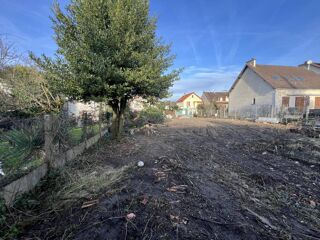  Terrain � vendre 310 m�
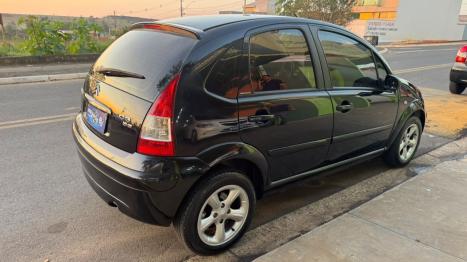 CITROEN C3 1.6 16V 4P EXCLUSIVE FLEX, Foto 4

...

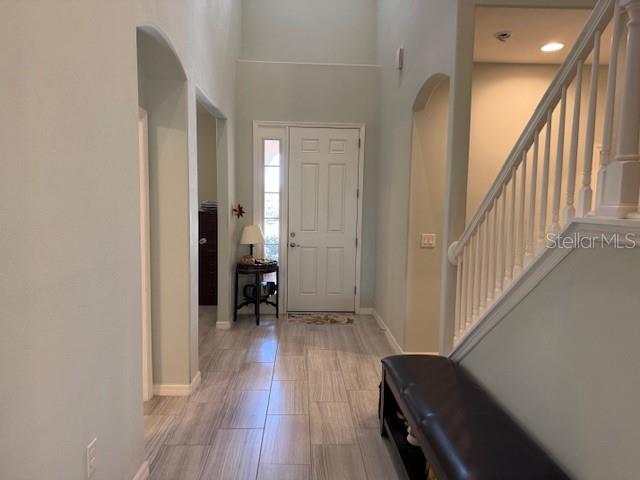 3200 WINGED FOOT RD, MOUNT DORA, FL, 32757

...

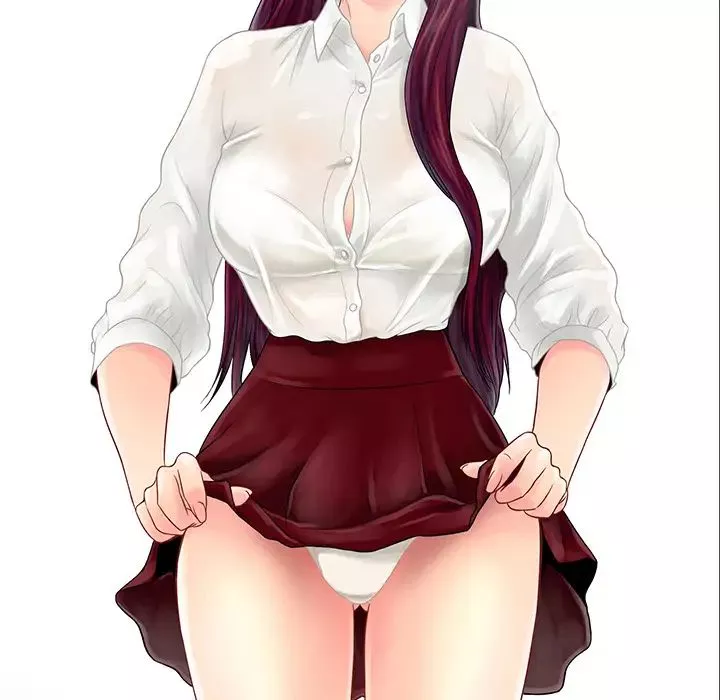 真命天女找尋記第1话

§ What you need to do
Your reply is to be an exact repeat of the listing above from the line holding "Terrain � vendre 310 m�" down to the line holding "CITROEN C3 1.6 16V 4P EXCLUSIVE FLEX, Foto 4", ends included, pictures excluded.

§ Response for this exercise
  Terrain � vendre 310 m�
 CITROEN C3 1.6 16V 4P EXCLUSIVE FLEX, Foto 4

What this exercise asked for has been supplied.